◆ **Action item**
Leave every picture out, and write out the remaining entries exactly.

◆ **Records for the exercise**
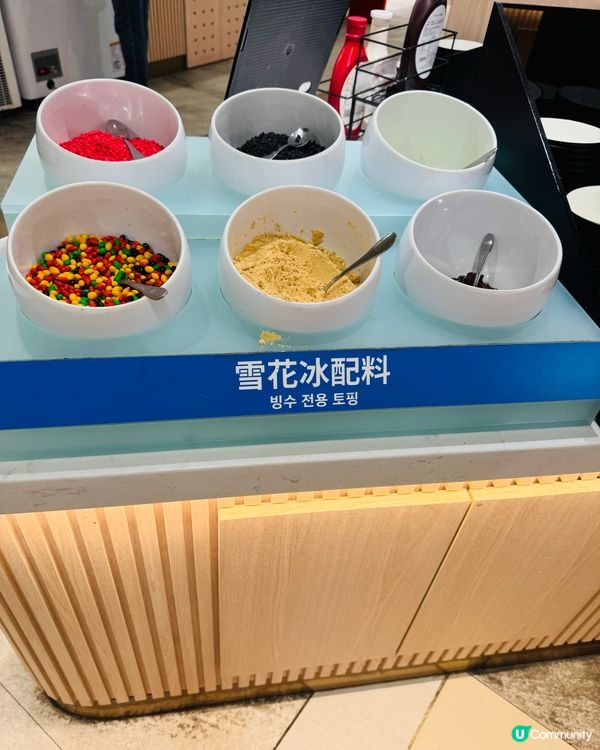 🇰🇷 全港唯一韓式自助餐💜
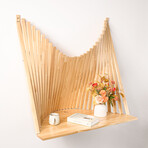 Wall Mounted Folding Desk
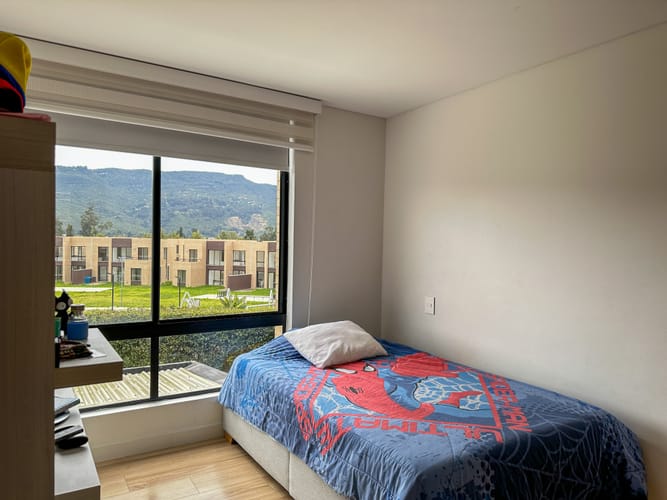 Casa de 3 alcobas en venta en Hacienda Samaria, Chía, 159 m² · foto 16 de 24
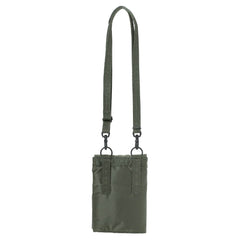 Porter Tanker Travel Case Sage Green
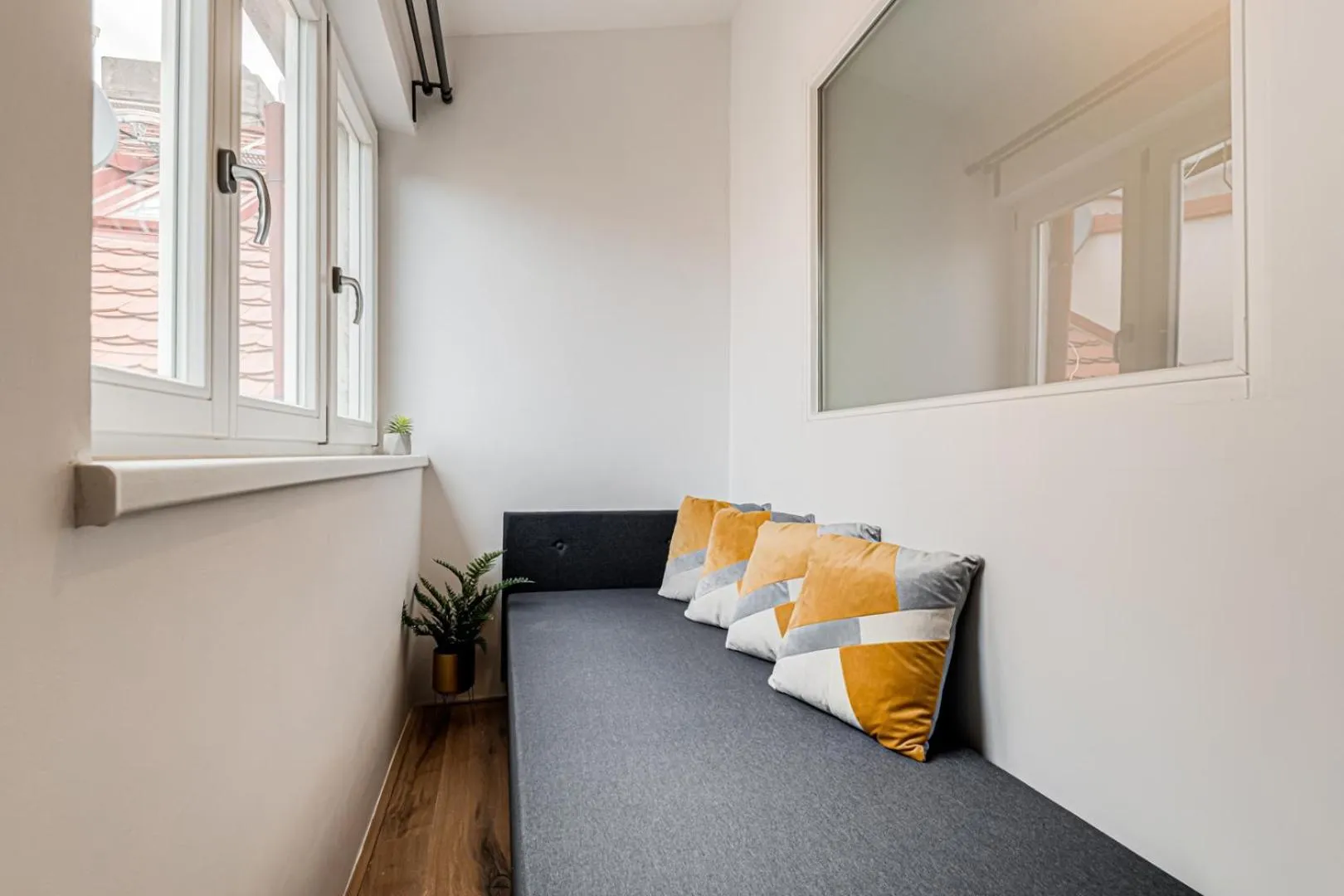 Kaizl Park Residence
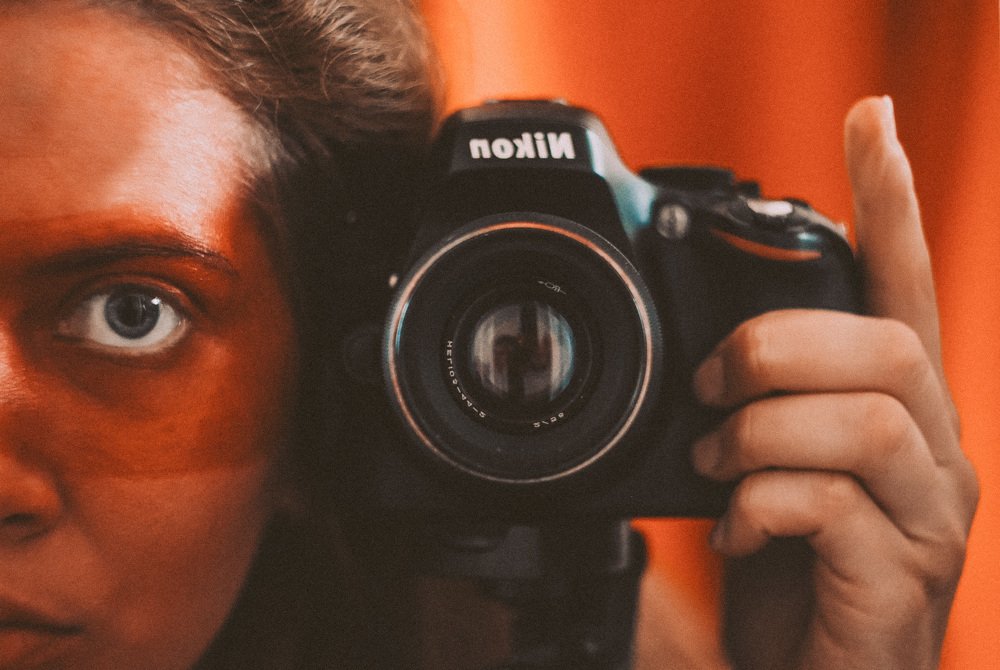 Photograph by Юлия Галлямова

◆ **Response for this exercise**
 🇰🇷 全港唯一韓式自助餐💜
 Wall Mounted Folding Desk
 Casa de 3 alcobas en venta en Hacienda Samaria, Chía, 159 m² · foto 16 de 24
 Porter Tanker Travel Case Sage Green
 Kaizl Park Residence
 Photograph by Юлия Галлямова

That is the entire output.